Documented institutional relationships
FAO
SID’s most important technical and sponsoring partner across multiple national implementation assignments since 2018.
World Food Programme (WFP)
Listed among SID's important funding and operational partners in the wider humanitarian and food security ecosystem.
European Commission / EU
Recorded as a funding source behind major FAO-supported resilience and livelihood activities.
USAID
Profiled as a major donor behind emergency and humanitarian interventions prior to its abrupt reduction in early 2025.
Information Management Centre (IMC)
Technical partner for land and water resources data collection, GIS, watershed work, and early warning-related analysis.
The Diaspora Council (TDC)
Longstanding diaspora-backed supporter of infrastructure rehabilitation, climate awareness, and community-focused initiatives.
Government engagement
SID engages Somaliland’s ministries of Agriculture, Livestock, and Water Resources, regional authorities in Awdal, Maroodi Jeex, and Togdheer, and relevant Somalia federal and state authorities including South West, Jubbaland, and Galmudug in referenced work areas.
Grassroots stakeholders
Community elders, local authorities, women’s groups, youth groups, pastoral and agro-pastoral households, vulnerable groups, and beneficiary households form SID’s practical stakeholder base.
Shared delivery and learning
Through networking and liaison, SID supports data sharing, assessment missions, technical consultations, and context-sensitive implementation alongside partner institutions.
Structured partnership development through FRMT
The updated profile explains that SID’s partnership approach is supported by a Funding Resources Mobilization Team (FRMT), appointed by the Board and supervised by the Executive Director.
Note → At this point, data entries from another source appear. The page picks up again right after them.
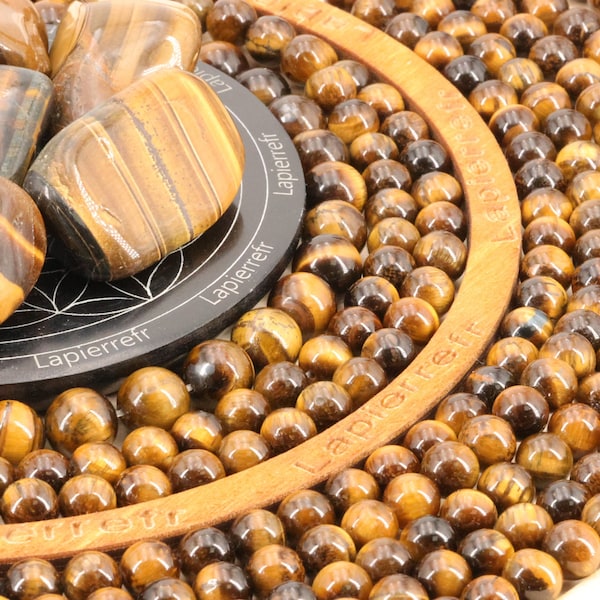 80 perles OEIL de TIGRE ronde naturelle 4mm | 60 de 6mm | 46 de 8mm | 36 de 10mm | Perle pierre naturelle | Perle semi précieuse AAA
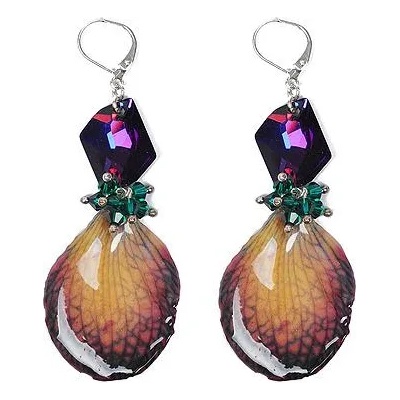Dannyra Обици с листенца от естествена орхидея и кристали Swarovski My Lovely Lady Dannyra Jewels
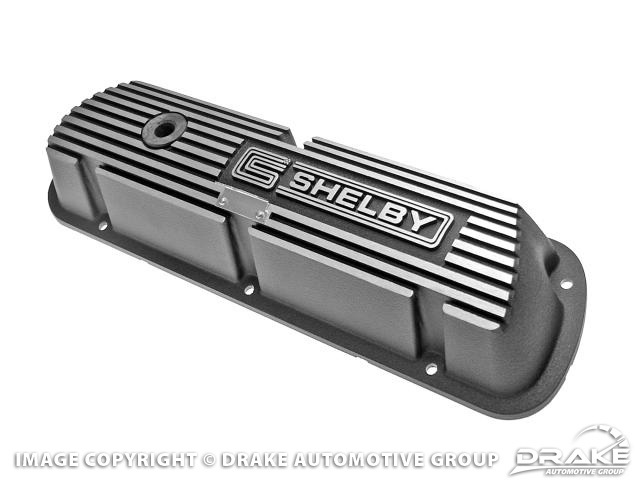 Engine Valve Cover Set; Aluminum; Pair; w/Shelby Logo; - 6A582-S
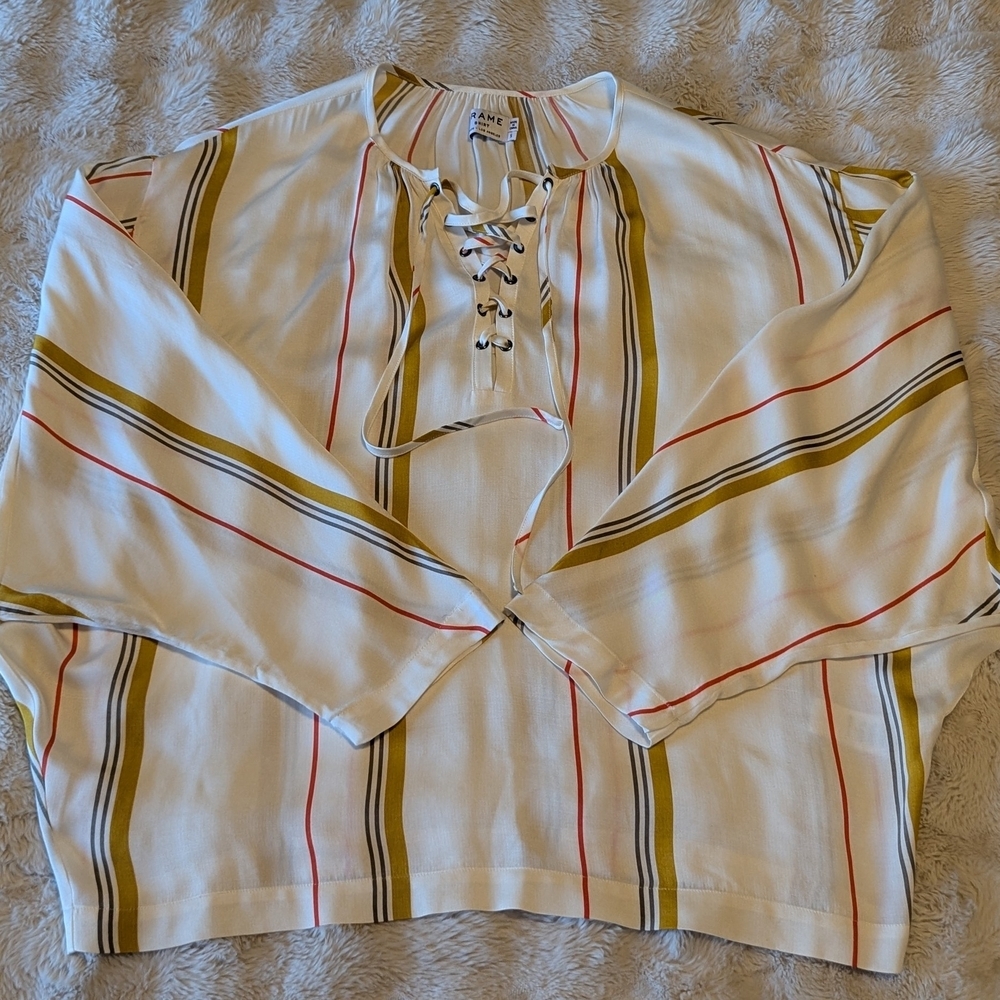 Frame Lace Up Top in the "Saffron Summer Stripe" pattern - Picture 2 of 6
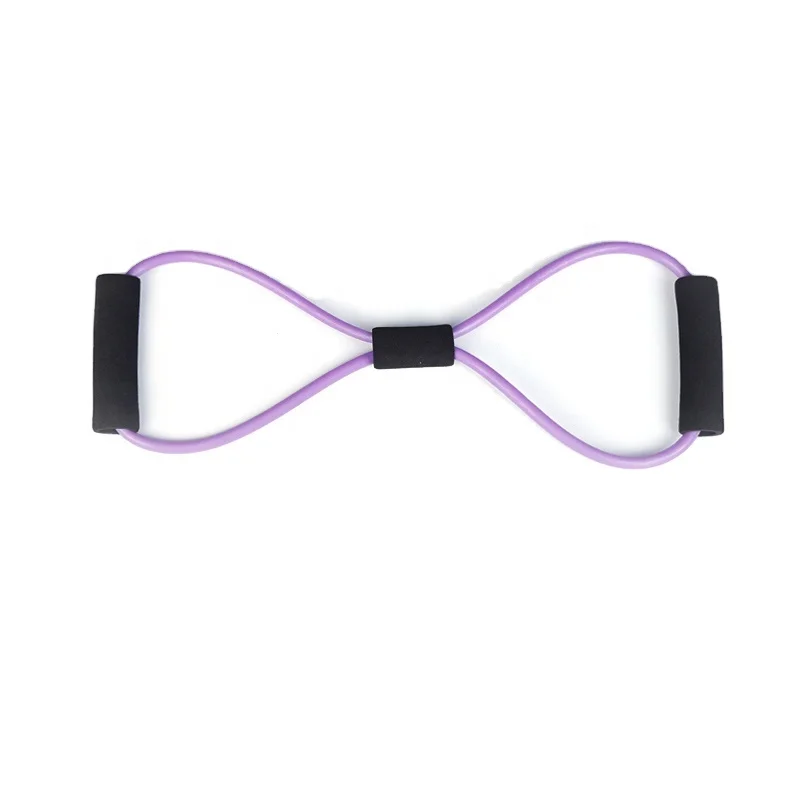

Resistance Exercise Home Sport High Elasticity 8-Type Resistance Bands, Violet/grey/yellow/pink/lavender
The team is responsible for tracking opportunities, preparing concept notes, maintaining networks, and reporting progress.
- Board appointment of a Funding Resources Mobilization Team
- Coordinator and assistants for day-to-day follow-up
- Weekly updates and quarterly progress review reporting
- Concept note preparation and donor application tracking
Broadening humanitarian and resilience funding sources
SID’s updated strategic direction encourages innovative fundraising after the reduction of USAID assistance in 2025, including grant bids and potential outreach to Gulf-based humanitarian and development foundations.
Examples named in the profile include Al Maktoum Foundation, Arab Gulf Program for Development, Mohamed Bin Zayed Foundation for Humanity, Qatar Fund for Development, Kuwait Fund for Arab Economic Development, and KSRelief.
How SID coordinates project entry and accountability
Ministry and authority introduction
SID begins assessment missions with relevant ministries, senior staff, regional authorities, governors, mayors, council members, and local authorities.
Community-level discussion
District and local discussions help identify participating communities, allocate household targets, and explain beneficiary registration requirements.
Beneficiary registration
Community elders, heads of household groups, and project teams coordinate registration while maintaining minimum women participation requirements.
Monitoring and communication
SID shares project management contact information, handles beneficiary concerns, reports to partners, and supports accountability throughout implementation.
SID’s partnership approach
- Aligns donor resources with real community priorities
- Strengthens accountability through multi-stakeholder engagement
- Improves technical quality through collaboration and review
- Supports implementation in fragile and climate-affected settings
- Connects local knowledge with institutional systems and funding
Who SID is ready to work with
SID is positioned to collaborate with donors, UN agencies, INGOs, national NGOs, government counterparts, technical consultants, research teams, and local community networks seeking reliable implementation and practical field intelligence.
Field coordination with authorities, communities, and partners
SID’s partnership model depends on visible engagement: district introductions, community meetings, stakeholder consultation, and technical follow-up with implementing partners.

Authority coordination
District-level engagement helps align projects with local priorities and governance channels.

Community elders
Traditional leadership remains central to access, legitimacy, and accountability.

Village participation
Meetings clarify project scope, eligibility, and participation expectations.

Partner follow-up
Training and refresher sessions strengthen delivery quality and learning.